Now that I know my YAML file works, because the generated curl command succeeds, it’s time to look at why the interactive version doesn’t.
The way this is supposed to go is that you click the little red dot on the right in your spiffy new doc section, enter your credentials, and then fill in the blanks to test right there from the documentation. Magic! But why would this fail when the similarly auto-generated curl command succeeds? It’s because the server restricts access to the resource the originating webserver is requesting. This is good for safety, but sometimes it’s what you need to do. It’s called cross-origin resource sharing (CORS) and it was mentioned in the Swagger docs. But until I ran into a problem, I wasn’t sure what I was supposed to do with this information.
Swagger UI sends an OPTIONS request to the server as the opening of a handshake that results in the resource being accessible when the subsequent actual request shows up. (That is a terrible description, hopefully someone who actually understands this can do better.) I saw those OPTIONS requests, but then nothing happened, there was no POST, and my new message in Zulip was never created.

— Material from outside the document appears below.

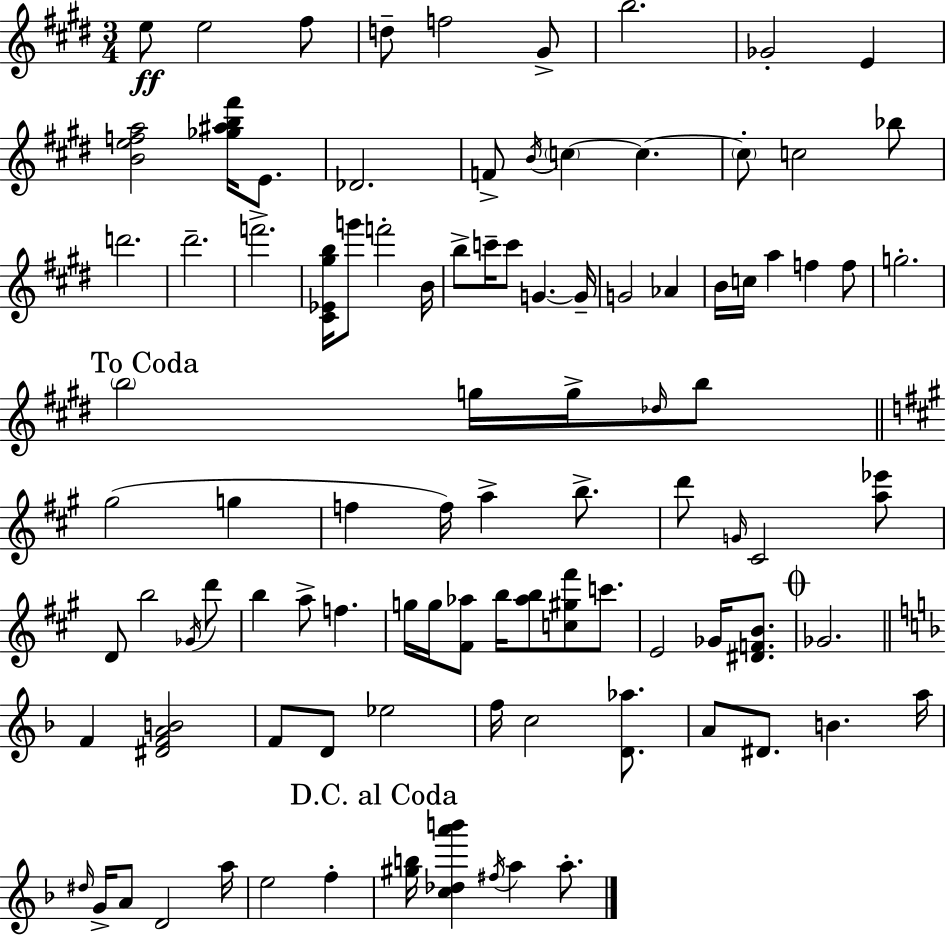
E5/e E5/h F#5/e D5/e F5/h G#4/e B5/h. Gb4/h E4/q [B4,E5,F5,A5]/h [Gb5,A#5,B5,F#6]/s E4/e. Db4/h. F4/e B4/s C5/q C5/q. C5/e C5/h Bb5/e D6/h. D#6/h. F6/h. [C#4,Eb4,G#5,B5]/s G6/e F6/h B4/s B5/e C6/s C6/e G4/q. G4/s G4/h Ab4/q B4/s C5/s A5/q F5/q F5/e G5/h. B5/h G5/s G5/s Db5/s B5/e G#5/h G5/q F5/q F5/s A5/q B5/e. D6/e G4/s C#4/h [A5,Eb6]/e D4/e B5/h Gb4/s D6/e B5/q A5/e F5/q. G5/s G5/s [F#4,Ab5]/e B5/s [Ab5,B5]/e [C5,G#5,F#6]/e C6/e. E4/h Gb4/s [D#4,F4,B4]/e. Gb4/h. F4/q [D#4,F4,A4,B4]/h F4/e D4/e Eb5/h F5/s C5/h [D4,Ab5]/e. A4/e D#4/e. B4/q. A5/s D#5/s G4/s A4/e D4/h A5/s E5/h F5/q [G#5,B5]/s [C5,Db5,A6,B6]/q F#5/s A5/q A5/e.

I still can’t fully explain it, but basically some extra headers are required from the server to verify that the requesting domain should be allowed to request the desired resource. The generated sample back-end already took care of that and it wasn’t a problem. But for a real API like Zulip, in an environment not expecting what Swagger needs, it means changing something with Django. I know nothing about Django.
I did some research and found a Django app (I had no idea there was such a thing) that handled this: django-cors-headers. I installed and configured it and suddenly everything worked. The bad part is that means a 3rd party package must be installed on any Zulip server that wants to work with Swagger UI documentation.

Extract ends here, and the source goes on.